You can customize the searches for it to restrict it to certain types of sites. It would be better than anything a single person could do.
I wouldn't want to use Google for anything.

Lemme have a look at Heritrix

LaRoza
May 12th, 2008, 01:47 AM
I wouldn't want to use Google for anything.


Does it not work well for Indian sites?

Joeb454
May 12th, 2008, 01:48 AM
I don't know, but I found http://www.google.co.in/

It allows you to search for pages just from India

hellmet
May 12th, 2008, 03:30 AM
I don't know, but I found http://www.google.co.in/

It allows you to search for pages just from India

I'd be glad if you guys could stop giving me alternatives. I don't want anything to do with Google.
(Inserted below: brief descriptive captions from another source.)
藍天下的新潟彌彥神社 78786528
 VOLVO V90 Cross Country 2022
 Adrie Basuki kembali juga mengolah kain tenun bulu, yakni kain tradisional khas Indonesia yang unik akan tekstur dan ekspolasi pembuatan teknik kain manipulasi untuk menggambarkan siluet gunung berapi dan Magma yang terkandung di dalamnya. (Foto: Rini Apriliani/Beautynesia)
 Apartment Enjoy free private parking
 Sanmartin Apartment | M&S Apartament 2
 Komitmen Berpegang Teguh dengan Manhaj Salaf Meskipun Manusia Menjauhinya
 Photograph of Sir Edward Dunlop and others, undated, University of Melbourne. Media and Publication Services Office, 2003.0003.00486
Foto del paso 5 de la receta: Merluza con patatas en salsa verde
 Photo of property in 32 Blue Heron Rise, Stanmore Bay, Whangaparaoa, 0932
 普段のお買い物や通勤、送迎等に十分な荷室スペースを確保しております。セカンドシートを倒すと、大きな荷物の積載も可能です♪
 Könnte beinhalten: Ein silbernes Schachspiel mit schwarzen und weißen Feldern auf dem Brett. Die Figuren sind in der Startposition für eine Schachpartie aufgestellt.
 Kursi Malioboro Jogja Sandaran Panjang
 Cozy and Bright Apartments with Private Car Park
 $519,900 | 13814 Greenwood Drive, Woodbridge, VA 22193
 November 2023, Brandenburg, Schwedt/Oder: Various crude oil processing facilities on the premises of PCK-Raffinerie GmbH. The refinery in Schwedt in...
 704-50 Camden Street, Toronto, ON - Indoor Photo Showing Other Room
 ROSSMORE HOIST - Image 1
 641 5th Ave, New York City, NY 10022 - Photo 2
I'm not looking at solving : How do I search Indian websites?. I want to solve : How do I build my own search engine for Indian domain names?
Enough of monopolies ruling everything.

zipperback
July 3rd, 2008, 12:11 PM
: How do I build my own search engine for Indian domain names?

There are a number of things that you need to consider when you are going to build a search engine.

How large is your server farm going to be?

What operating system are you going to be running for your server?

What programming language do you have the most experience with?

Do you have a solid working understanding of how to write code that can properly thread?

How much money do you have to invest in this project?

How many programmers do you intend to hire to build this system?

Will this project be released as an open source application available freely for people to download? And if so, what license do you intend to release it under. If not, why not?


As far as using the system just for Indian domain names, that isn't a problem really. Just create a filter that checks for the specific TLD that you want to allow. For example .in is acceptable but .com would be rejected.

If you really do want to build your own search engine, then my advice is to create a detailed wish list of everything that you want it to do, and then once you have that done, go through it and prioritize the list from the most important items to the least important items.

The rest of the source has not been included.